Similar to registration, you must first generate a challenge. Unlike attestation statements, which are optional, the challenge is required here because it is used to generate signatures.

To verify an authenticator, use navigator.credentials.get() with the publicKey option. 

const credential = await navigator.credentials.get({
	publicKey: {
		challenge: challenge,
		allowCredentials: [{
			type: "public-key",
			id: registeredCredentialId,
		}],
		userVerification: "required",
	},
});

The challenge option contains the generated challenge.

The allowCredentials option can be used to restrict valid credentials and to list IDs of non-discoverable credentials.

The userVerification option controls how strictly the authenticator enforces user verification. It takes one of required, preferred, or discouraged.

The method returns a promise that either rejects if the user cancels the operation or resolves to a PublicKeyCredential.

Unlike registration, you must send the full binary authenticator data and client data to the server. These are available as AuthenticatorAssertionResponse.authenticatorData and AuthenticatorAssertionResponse.clientDataJSON. You must also send the credential ID from PublicKeyCredential.rawId, along with the signature from AuthenticatorAssertionResponse.signature. The user handle for the credential is available via AuthenticatorAssertionResponse.userHandle.

After parsing and validating the authenticator data and client data, retrieve the credential using the credential ID. To verify the signature, first compute the SHA-256 hash of the client data JSON. Then build the signed message by concatenating the authenticator data first, followed by the hash of the client data JSON. Verify the signature against this message. If verification fails or the public key is invalid, the process must fail. Note that for ECDSA, the signature is in the ANSI X9.62 (ASN.1) format.

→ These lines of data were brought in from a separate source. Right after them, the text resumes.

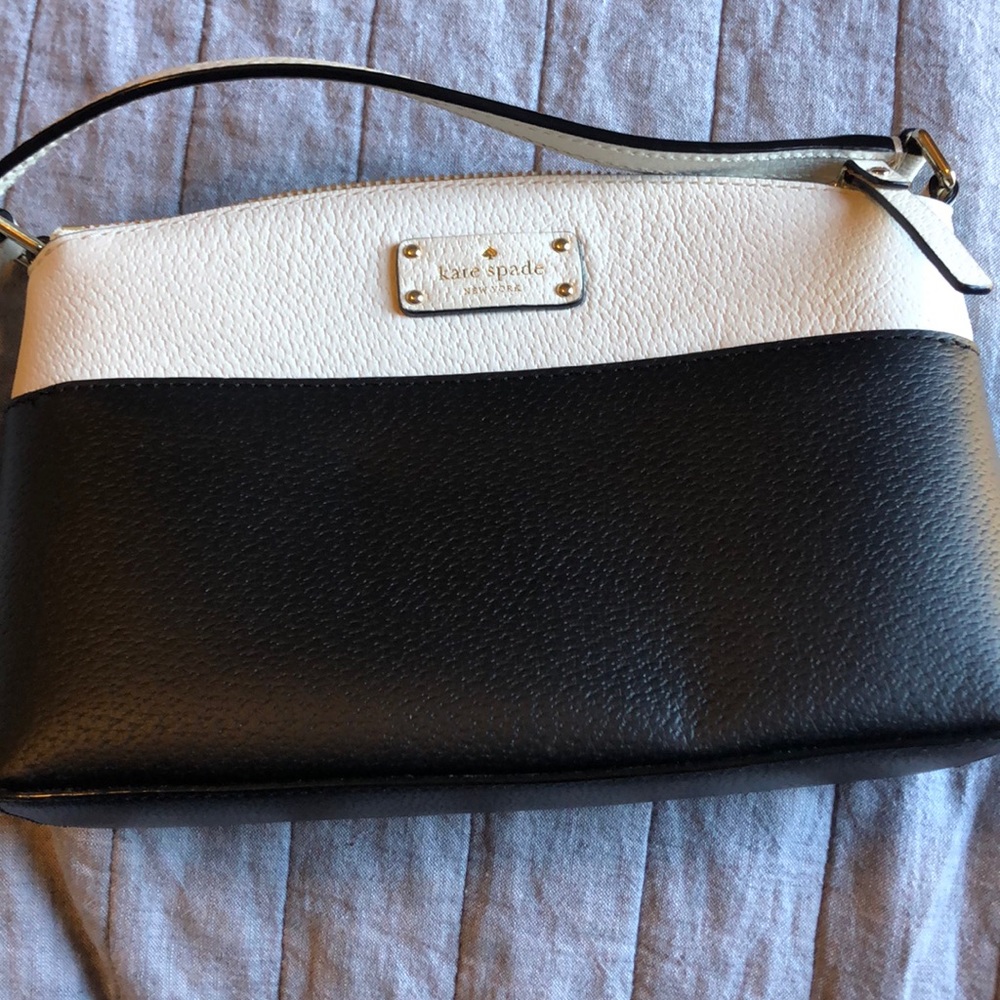Black and white Kate Spade Crossbody - Picture 2 of 5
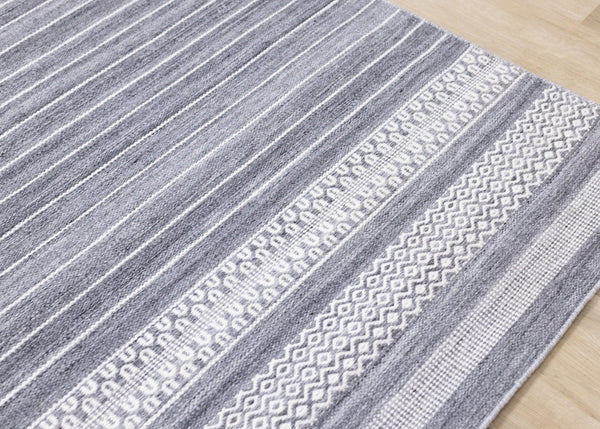 HomeRoots 5' Hand-Woven Gray and White Striped Area Rug - Durable, Stain-Resistant, and Artisanal Charm 8' X 11' 661332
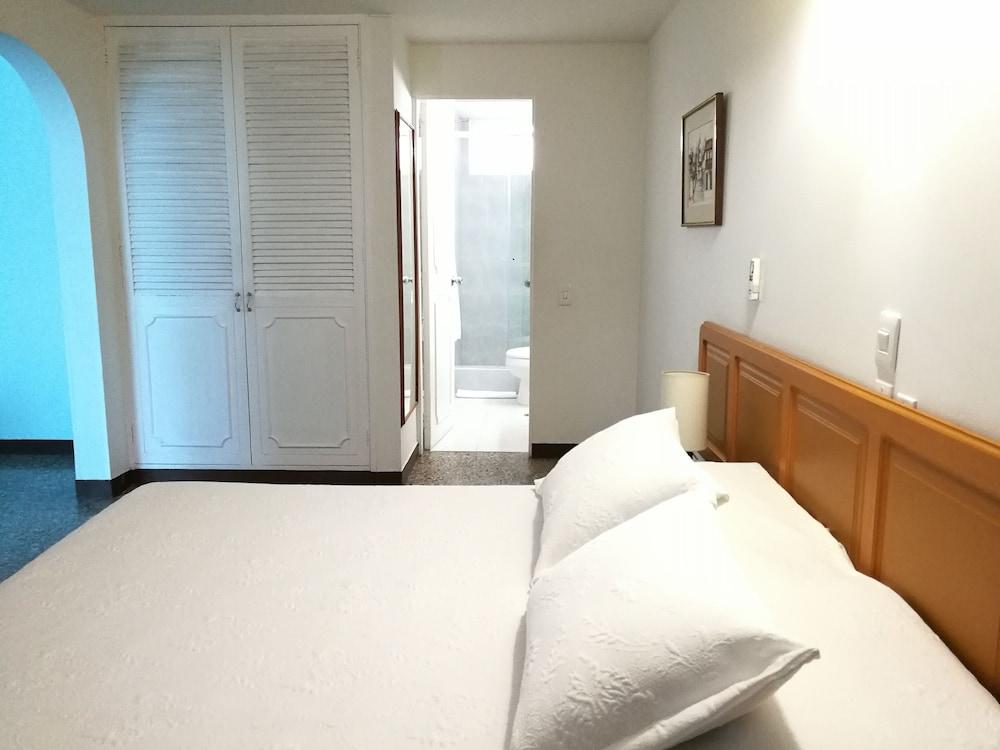 Hotel Villavicencio Plaza Екстериор снимка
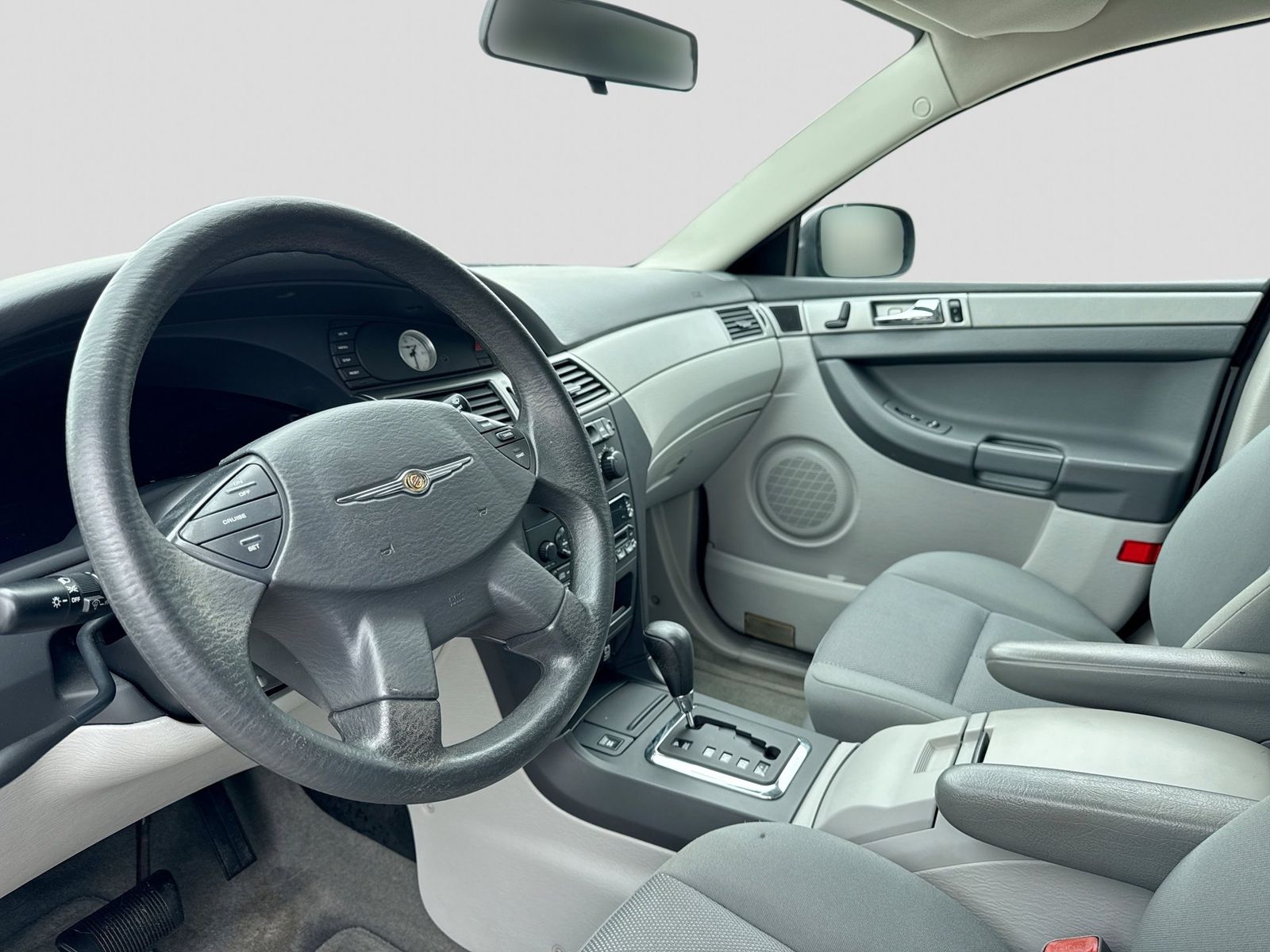 Thumbnail: 2007 Chrysler Pacifica - 2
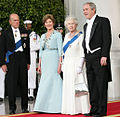 Il principe Filippo di Edimburgo e il presidente degli Stati Uniti d'America George W. Bush in frac.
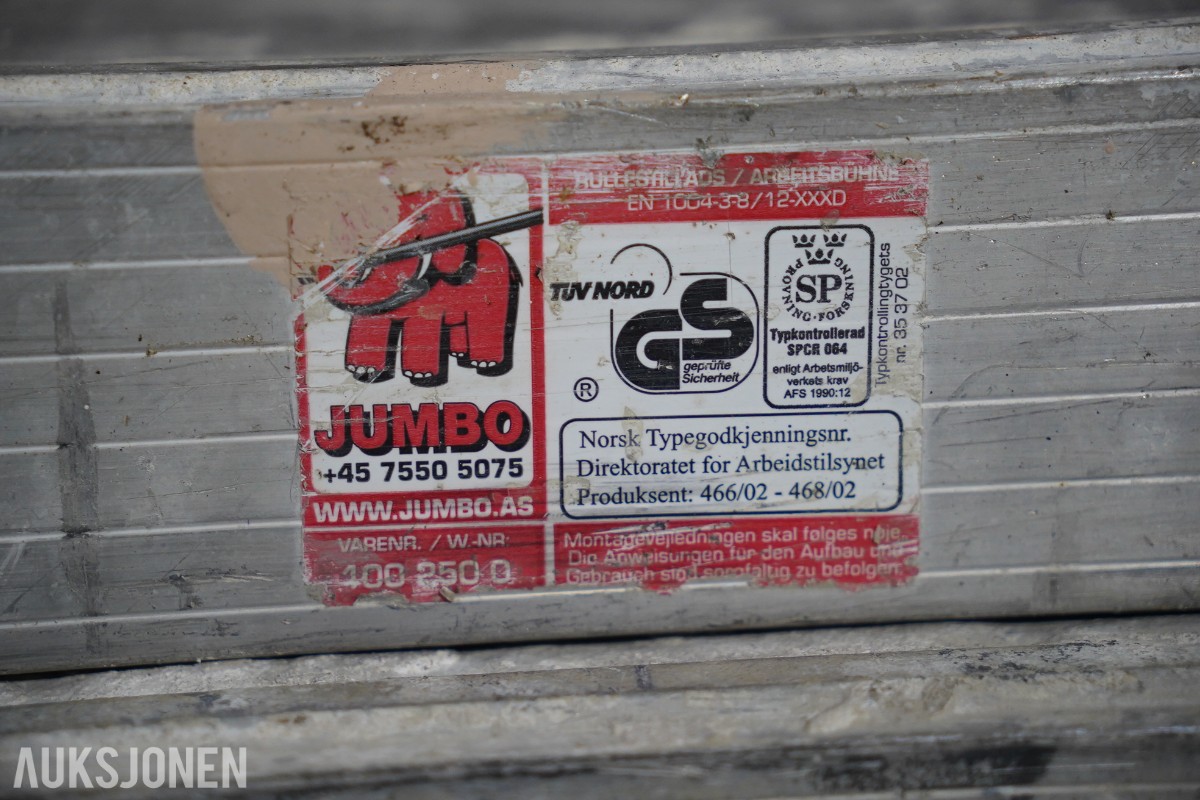 Jumbo aluminiumsstillas og Combisafe kantsikringskomponenter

If you support signature counters and the stored credential has a non-zero counter value, check whether the current attempt’s signature counter is greater than the stored value, and update the stored value before verifying the signature. If the counter does not increase, simply log the event for future reference. Do not block the authentication attempt, as in the event of private key theft, the legitimate user’s authentications are also likely to encounter counter mismatches. I would also dicourage disabling the account as well since these can occur naturally.

Finally, invalidate the challenge. As with registration, you may invalidate it only after successful validation or after each attempt.